Mount Gambier to Nelson on the Highway to Hell

What looked on paper like being a really nice ride turned out to be pretty ordinary. We only had 40 kilometres to ride. Collis had never been to Nelson before and thought, in keeping with the coastal theme of our trip, this seemed to be a good way to go. It would get us off the busy Princes Highway between Mount Gambier and Portland and bring us near the coast where the Glenelg River empties into a large bay at Nelson, which is a sleepy little settlement with a pub  but no supermarket.
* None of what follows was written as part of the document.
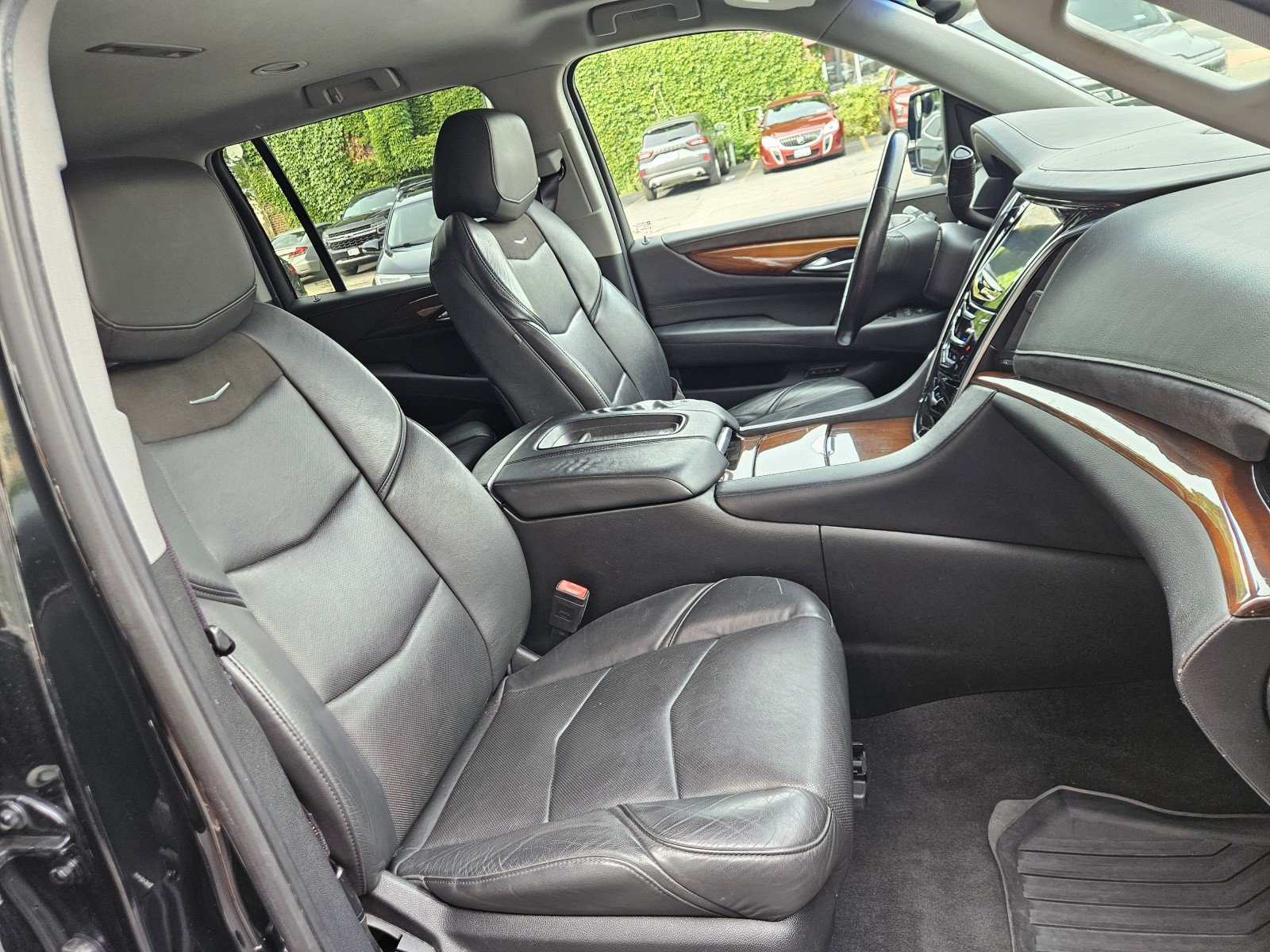 Used 2017 Cadillac Escalade ESV 4WD image 29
We had a leisurely start to the day. Neil had breakfast in camp and then set off towards Nelson with some geocaching in mind. Jim, Jacquei and Jen set off into town before Di and I, looking for somewhere to have breakfast. Di and I were happy to go back to where we'd had afternoon tea and dinner yesterday. Now here's a photo for the grandchildren: Di waiting for her "Borlotti Beans on Toast" to arrive ...

Nana waits for Breakfast

Our intention afterwards was to go look at some sinkhole which is a major tourist attraction. After Di complained about me finding a short hill of 14% to ride up we made a half-hearted attempt to find it and then just decided just to  head out of town.

Initially things seemed quite good on the Highway to Hell. There was some nice rural scenery to look at ...


Canola field near Mount Gambier



... but we soon realised that this was no quiet country road; instead we found ourselves on a very busy truck route, with many log trucks in particular.

Di had been very keen for me to take lots of photos and that had been my intention, but there wasn't a lot to look at and the number of trucks rushing close by was downright scary. Really, the narrowness of the road and lack of a paved shoulder once one leaves the area near Mount Gambier makes it unsuitable for cycling with such heavy truck traffic roaring by in both directions. Before things got really fraught, Di got me to go across the road so she could take my picture in front of Australia's national floral emblem ...

No Blood On The Wattle this time ...


We soon found ourselves regularly diving for cover when we heard anything big coming from behind. Regularly we'd also get a pretty clear visual signal from the other direction that it was a good idea to get off the pavement when oncoming trucks took themselves partway off the road to make more room for trucks coming up behind us. It became a regular strategy to get onto the shoulder whenever we found ourselves riding up a rise to maximise our chances of staying alive. In fact, for much of the second half of the ride we probably spent at least as much time off the pavement as on it. The unpaved shoulder has been worn smooth to a degree by trucks getting on to it so regularly.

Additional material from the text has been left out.